--- What is expected ---
Would you return the data below exactly as it stands, with every picture left out?

--- Supplied information ---
◇ ◇ ◇ ◇ ◇ ◇ ◇

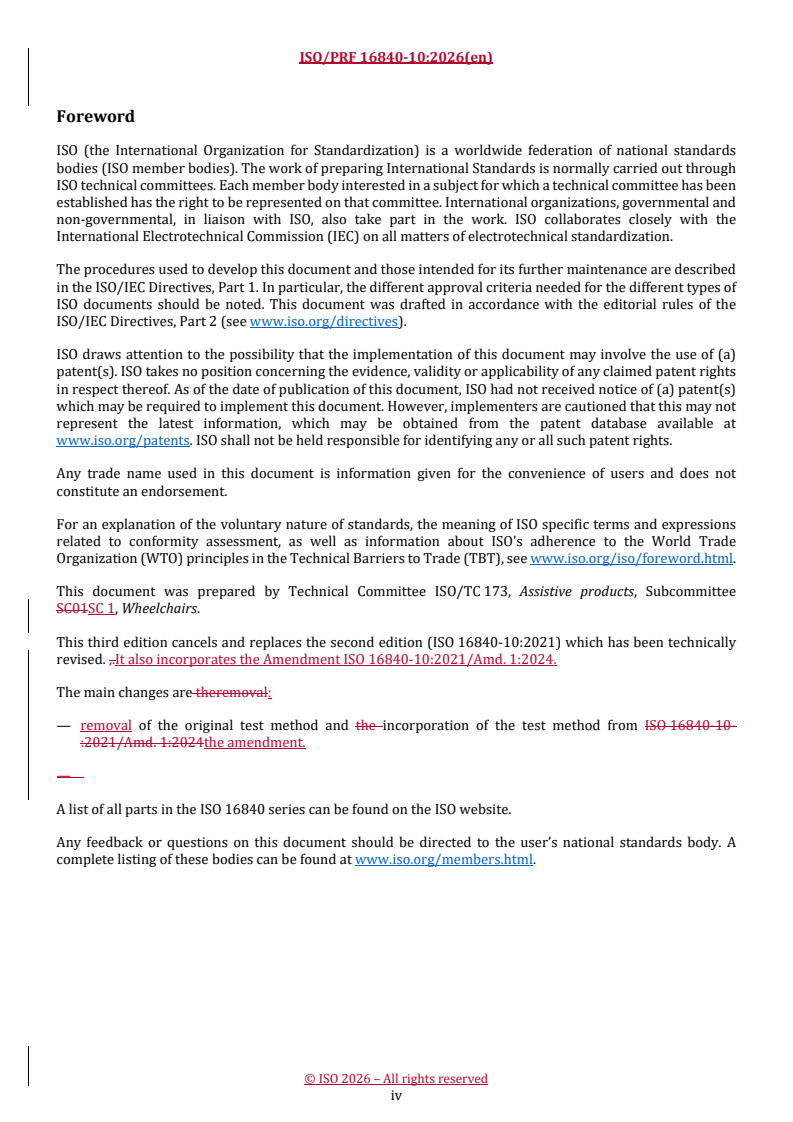 ISO/PRF 16840-10 REDLINE ISO/PRF 16840-10 - Wheelchair seating — Part 10: Requirements and test method for the assessment of resistance to ignition of postural support devices - Page 4 preview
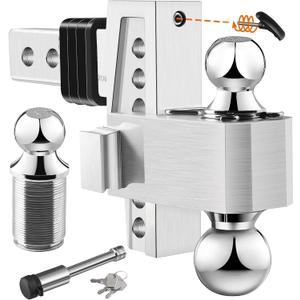 Adjustable Trailer Hitch (Fits 2-Inch Receiver) - Aluminum Tow Hitch with 6-Inch Drop/Rise for Truck (12,500 LBS GTW) - Double Anti-Theft Locking Hitch Pins (Silver, 2.0inch-6Drop-Tri Ball)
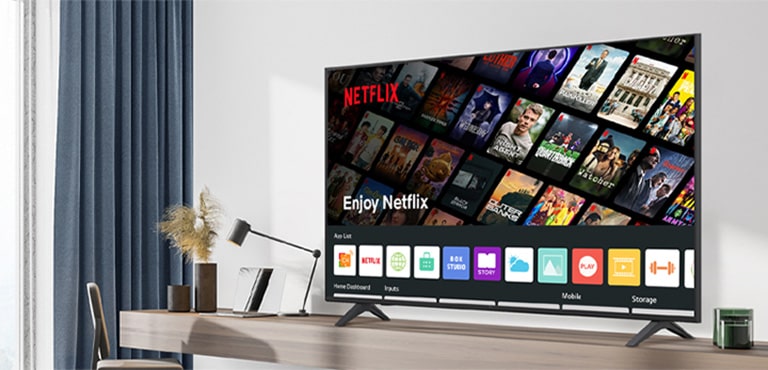 The hotel content including the Netflix App is shown on TV in the hotel room.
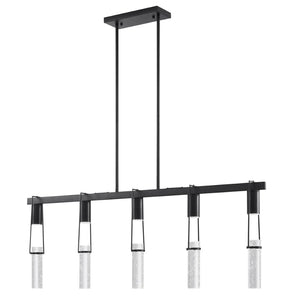HomeRoots Black Five-Light Dimmable Smart Chandelier – Modern Metal Fixture with Clear Shades for Any Space 548189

◇ ◇ ◇ ◇ ◇ ◇ ◇

--- Reply to the task ---
 ISO/PRF 16840-10 REDLINE ISO/PRF 16840-10 - Wheelchair seating — Part 10: Requirements and test method for the assessment of resistance to ignition of postural support devices - Page 4 preview
 Adjustable Trailer Hitch (Fits 2-Inch Receiver) - Aluminum Tow Hitch with 6-Inch Drop/Rise for Truck (12,500 LBS GTW) - Double Anti-Theft Locking Hitch Pins (Silver, 2.0inch-6Drop-Tri Ball)
 The hotel content including the Netflix App is shown on TV in the hotel room.
HomeRoots Black Five-Light Dimmable Smart Chandelier – Modern Metal Fixture with Clear Shades for Any Space 548189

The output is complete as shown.